Can Deutsche Telekom pull off its global expansion plans? So far nobody, not even AOL, has been able to dislodge dominant local players and rule the European Internet. The cultural and language barriers have proved too daunting. And Deutsche Telekom gets mixed marks for its efforts abroad so far. Joint ventures with France Telecom and Sprint Corp. fell apart after years of losses. Although it's tried to become a global player, the company is a force only in Britain and a few smaller markets like Austria.
EDGE. But Deutsche Telekom has one big advantage--the fattest wallet of any of the former European phone monopolies. With a stock market value of $260 billion, higher than AT&T and Yahoo! combined, Deutsche Telekom is in a position to make big moves anywhere in the world. After the IPO, Deutsche Telekom plans to use T-Online shares to swallow Internet and media properties in Europe as well as the U.S. Deutsche Telekom will also raise billions more as it spins off its T-Mobil unit and its German cable TV network.
Making the right moves is crucial. Pure service providers like AOL also want to control the mobile Internet business, which Deutsche Telekom figures will be worth $20 billion in Europe within two years. But it's far from certain that T-Online can export its success. Deutsche Telekom will face fast-moving competitors that don't share its legacy as a government bureaucracy. "We work at Internet speed, they work at monopoly speed," scoffs Nina Brink, executive chairman of Rotterdam-based World Online International. She boasts that her Internet access service already has overtaken Dutch ex-monopoly KPN in that business and has 1.5 million customers in 15 countries.
Moreover, Deutsche Telekom won't have the same advantages abroad that it does at home. T-Online owes much of its success to an internal network that lets users access accounts at practically every bank in Germany. "Banking is a strong point, but it works more on a national level," says Steffen Binder, a Frankfurt-based analyst at Forit, an Internet market research firm.
The real test will come over the next two years, as mobile use of the Internet takes off. Deutsche Telekom has a powerful advantage in Germany and Britain. Its D1 mobile service is the second-biggest provider in Germany, and in Britain it owns mobile phone provider One2One.

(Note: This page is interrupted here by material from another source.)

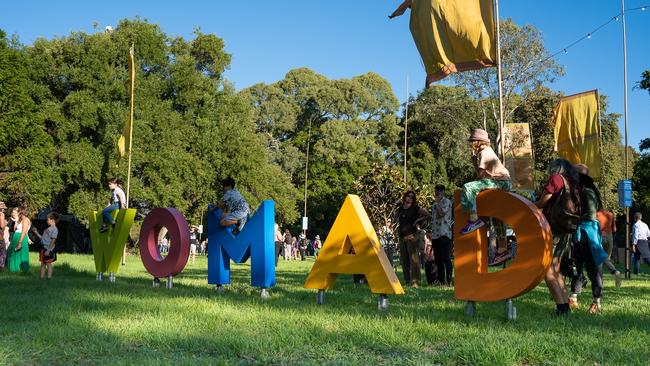 Children playing on a colourful sign at WOMADelaide festival, Botanic Park, Adelaide. Picture: Michael Selge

Competitors such as AOL will have no choice but to use such networks if they want to reach their own customers and join in the mobile Internet bonanza.
KEY FOE. Outside Germany and Britain, though, Deutsche Telekom will be at a disadvantage. A key rival is Vodafone, which, with the acquisition of Mannesmann, controls the most mobile phone territory on the Continent. To prevail, Deutsche Telekom will need to offer local content and top-flight service. That's one reason the company last month traded a 6.5% stake in T-Online for Club Internet, France's No. 2 online service measured by regular users.
The race may go to the first company that can create a dominant European portal. T-Online will have to compete with companies such as Yahoo! Inc., which has used its image as an Internet pioneer to become Europe's leading portal. That helps to draw advertisers and e-commerce companies that would rather not have to purchase Web space from a dozen different local Internet access providers. "We want to ensure that advertisers can walk in and buy spots anywhere," says Fabiola Arredondo, managing director of Yahoo! in Europe.
But Deutsche Telekom is hoping more and more to let its money talk. If the German company can succeed in finding the right partners soon, it stands a chance of competing against companies such as Vodafone or AOL--and staying a player in the wired age.